Memory allocations can not happen within regions with explicit disabled
preemption PREEMPT_RT. The problem is that the locking structures
underneath are sleeping locks.

Move the memory allocation outside of the preempt-disabled section. Keep
the GFP_ATOMIC for the allocation to behave like a "ememergncy
allocation".

Signed-off-by: Sebastian Andrzej Siewior <bigeasy@linutronix.de>
---
 kernel/scftorture.c | 8 ++++----
 1 file changed, 4 insertions(+), 4 deletions(-)

diff --git a/kernel/scftorture.c b/kernel/scftorture.c
index 44e83a6462647..e5546fe256329 100644
--- a/kernel/scftorture.c
+++ b/kernel/scftorture.c
@@ -320,10 +320,6 @@ static void scftorture_invoke_one(struct scf_statistics *scfp, struct torture_ra
 	struct scf_check *scfcp = NULL;
 	struct scf_selector *scfsp = scf_sel_rand(trsp);
 
-	if (use_cpus_read_lock)
-		cpus_read_lock();
-	else
-		preempt_disable();
 	if (scfsp->scfs_prim == SCF_PRIM_SINGLE || scfsp->scfs_wait) {
 		scfcp = kmalloc(sizeof(*scfcp), GFP_ATOMIC);
 		if (!scfcp) {
@@ -337,6 +333,10 @@ static void scftorture_invoke_one(struct scf_statistics *scfp, struct torture_ra
 			scfcp->scfc_rpc = false;
 		}
 	}
+	if (use_cpus_read_lock)
+		cpus_read_lock();
+	else
+		preempt_disable();
 	switch (scfsp->scfs_prim) {
 	case SCF_PRIM_RESCHED:
 		if (IS_BUILTIN(CONFIG_SCF_TORTURE_TEST)) {
-- 
2.45.2



^ permalink raw reply	[flat|nested] 23+ messages in thread

* [PATCH 2/2] scftorture: Use a lock-less list to free memory.
  2024-11-04 10:50                         ` [PATCH 1/2] scftorture: Move memory allocation outside of preempt_disable region Sebastian Andrzej Siewior
@ 2024-11-04 10:50                           ` Sebastian Andrzej Siewior
  2024-11-05  1:00                             ` Boqun Feng
  0 siblings, 1 reply; 23+ messages in thread
From: Sebastian Andrzej Siewior @ 2024-11-04 10:50 UTC (permalink / raw)
  To: Paul E. McKenney
  Cc: Boqun Feng, Vlastimil Babka, Marco Elver, linux-kernel,
	kasan-dev, linux-mm, sfr, longman, cl, penberg, rientjes,
	iamjoonsoo.kim, akpm, Tomas Gleixner, Peter Zijlstra,
	Sebastian Andrzej Siewior

scf_handler() is used as a SMP function call. This function is always
invoked in IRQ-context even with forced-threading enabled. This function
frees memory which not allowed on PREEMPT_RT because the locking
underneath is using sleeping locks.

Add a per-CPU scf_free_pool where each SMP functions adds its memory to
be freed. This memory is then freed by scftorture_invoker() on each
iteration. On the majority of invocations the number of items is less
than five. If the thread sleeps/ gets delayed the number exceed 350 but
did not reach 400 in testing. These were the spikes during testing.
The bulk free of 64 pointers at once should improve the give-back if the
list grows. The list size is ~1.3 items per invocations.

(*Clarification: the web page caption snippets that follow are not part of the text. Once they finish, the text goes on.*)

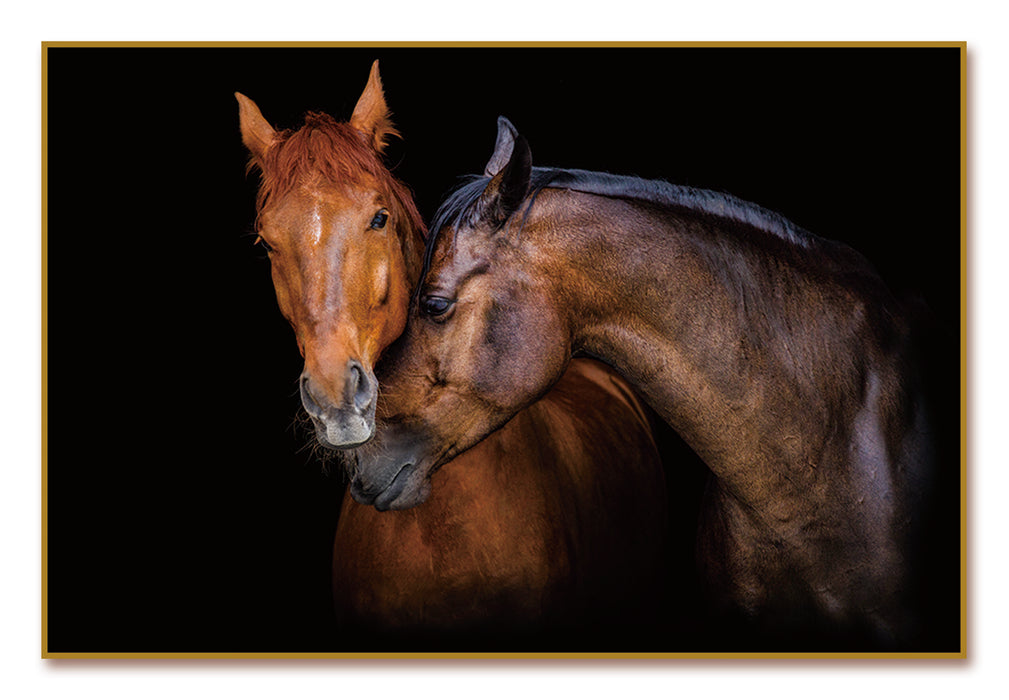 Oppidan Home Horses Caressing Acrylic Wall Art (40H X 60W)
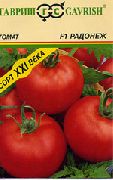 Радонеж F1 сорт томатов (помидоров)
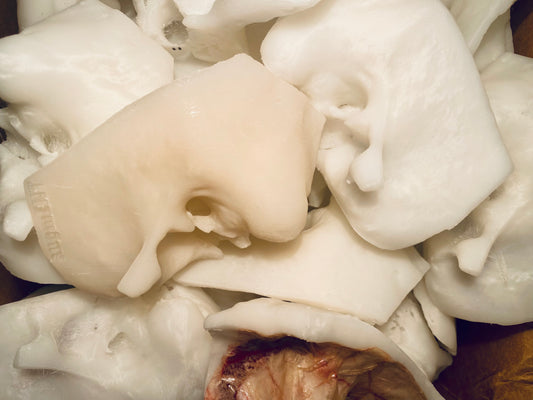 A large collection of 3D printed temporal bones.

Having one global scf_free_pool with one cleaning thread let the list
grow to over 10.000 items with 32 CPUs (again, spikes not the average)
especially if the CPU went to sleep. The per-CPU part looks like a good
compromise.

Reported-by: "Paul E. McKenney" <paulmck@kernel.org>
Closes: https://lore.kernel.org/lkml/41619255-cdc2-4573-a360-7794fc3614f7@paulmck-laptop/
Signed-off-by: Sebastian Andrzej Siewior <bigeasy@linutronix.de>
---
 kernel/scftorture.c | 47 +++++++++++++++++++++++++++++++++++++++++----
 1 file changed, 43 insertions(+), 4 deletions(-)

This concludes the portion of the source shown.